In this issue of the JCEM, van Tijn et al. (20) report a 2-yr prospective multicenter study (April 1994 to April 1996) of infants with central CH diagnosed in the Netherlands T₄, TSH, TBG screening program. Among 385,000 infants screened during the 2-yr period, there were 19 cases of permanent central CH detected, with 13.5% of the permanent CH cases detected during the same period, for a prevalence of central CH of 1:20,263 births. Presumptive central CH was diagnosed if the T₄ was less than –1.6 SD, the T₄/TBG ratio was less than 8.5, and the TSH result was less than 20 µU/ml (20 mU/liter) (20). The 8.5 T₄/TBG cutoff was determined in a pilot study. Infants with borderline TSH (20–50 µU/ml) and/or borderline T₄ (–1.6 to 2.9 SD) and/or T₄/TBG results below 8.5 underwent a second heel stick sample. A total of 26 infants with presumptive CH were detected. On subsequent testing, 20 infants met the criteria for central CH [plasma free T₄ < 0.93 ng/dl (12 pmol/liter), TSH < 15 µU/ml, and minimal TSH response to TRH]. Clinical features, cerebral magnetic resonance imaging, and pituitary adrenocorticotropic, somatotropic, and gonadotropic axes were studied. For TRH testing (10 µg/kg TRH with TSH measurements at 15–180 min), an "adequate" response was considered to be a 30-min peak TSH level greater than 15 µU/ml with a return to baseline by 3 h. The central CH patients showed either a diminished (TSH < 15 µU/ml) or a delayed (60–120 min) but excessive (16–70 µU/ml) increase with delayed (>180 min) decrease of the plasma TSH level. The six infants with false-positive central CH (free T₄ values > 0.93 ng/dl) had adequate TRH test results. One of the 20 infants proved to have transient central CH with a normal TRH test result and normal thyroid function at age 13 months. Fifteen (78%) of the 19 infants with central CH had multiple pituitary hormone deficiencies, and nine (53%) had pituitary malformations on magnetic resonance imaging. Seven of these nine had delayed and excessive TSH responses to TRH.
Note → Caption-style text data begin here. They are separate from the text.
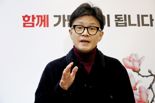 "국가는 범죄 피해자 편" 한동훈, '돌려차기 피해자' 책에 추천사
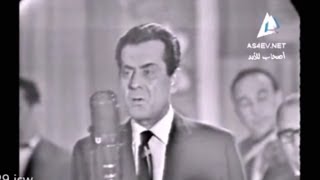 שירים יפים של פריד אל אטרש ♫❤♫ Songs of Farid Al Atrash [upl. by Carlota951]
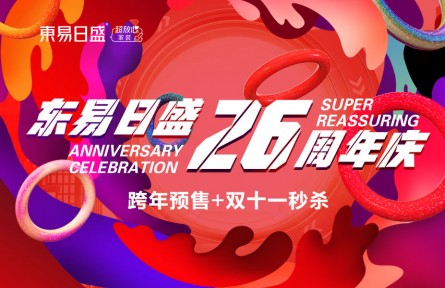 长春装修东易日盛26周年庆“跨年预售+双11秒杀” 优惠火爆进行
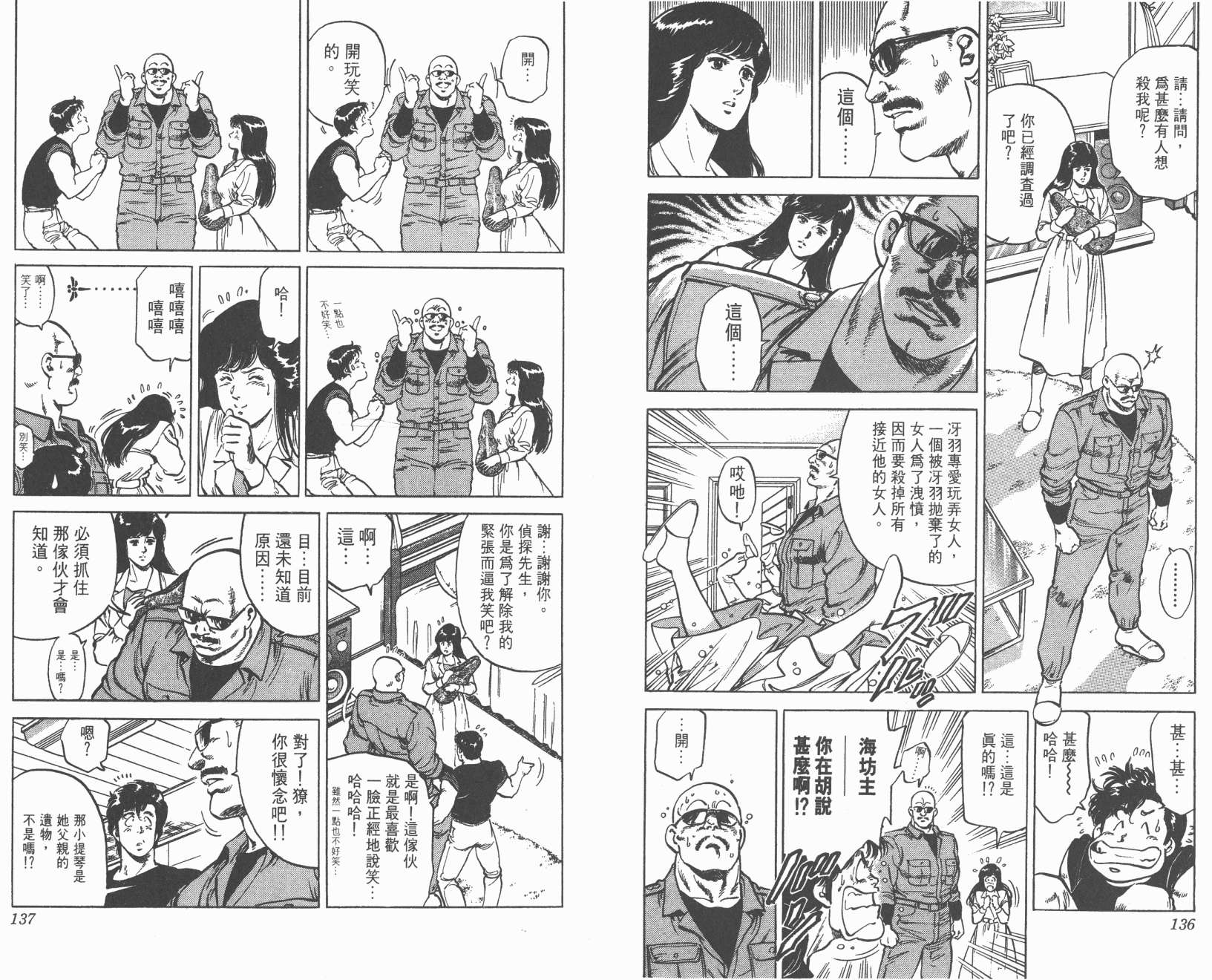 城市猎人 第13卷 第69页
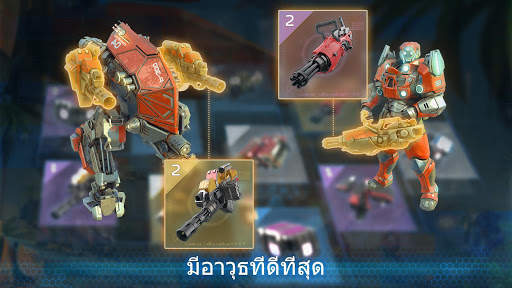 BATTLE FOR THE GALAXY screenshot 13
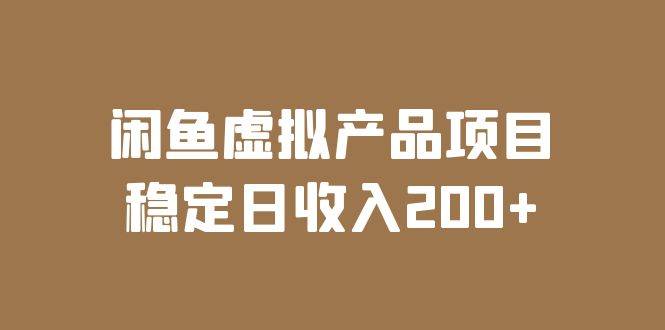 （6039期）闲鱼虚拟产品项目  稳定日收入200+（实操课程+实时数据）插图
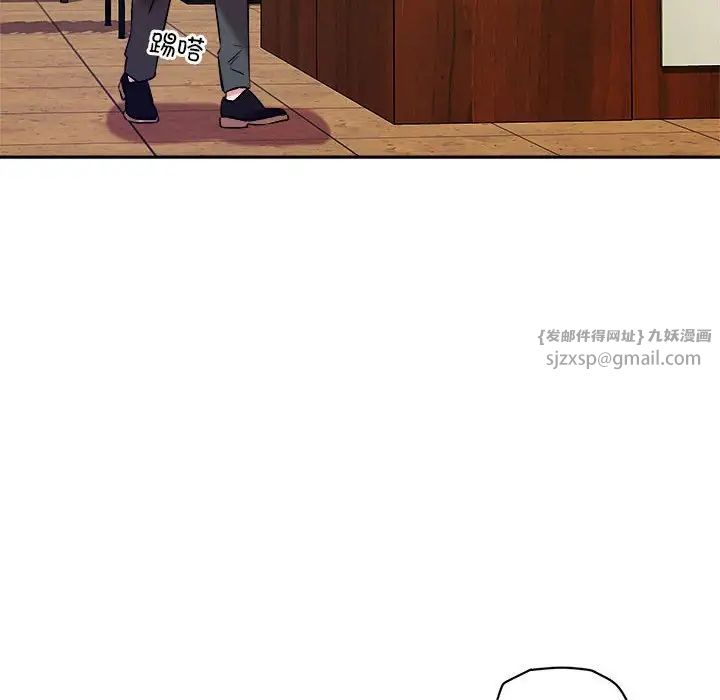 恋人未满，第7話，第 22 页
This is the first comprehensive study of the effectiveness of newborn screening for CH, including central CH, related to testing strategy. Test results were evaluated after 5 yr follow-up so that the total cases, those detected and missed by the screening program, could be quantified. Assuming similar prevalence in Europe and North America, an estimation of missed cases in screening programs (TSH alone and T₄ + TSH strategies) could reach 15–20% (5% primary CH and 14% central CH). The T₄, TSH, TBG format appears capable of reducing missed cases to less than 5% and detecting most cases of central CH, reducing the morbidity and mortality associated with pituitary hormone deficiencies in the neonatal period. Although central hypothyroid may be less severe than primary CH, the free T₄ cutoff criterion used for diagnosis in the Netherlands study [<0.93 ng/dl (<12 pmol/liter)] approximates –2 SD for cord blood values in full-term infants and is well below the 2 SD range in 7-d-old term infants recently reported by Williams et al. (21) [20.1–49.3 ng/dl (259–634 pmol/liter)]. There has been no detailed study of treatment effects on IQ and psychomotor development in newborn infants with severe central CH, but there is no reason to believe that congenital hypothyroidism affects central nervous system development differently whether primary or secondary. The T₄, TSH, TBG testing strategy increases total screening costs somewhat, but the increased cost per case detected is minimal.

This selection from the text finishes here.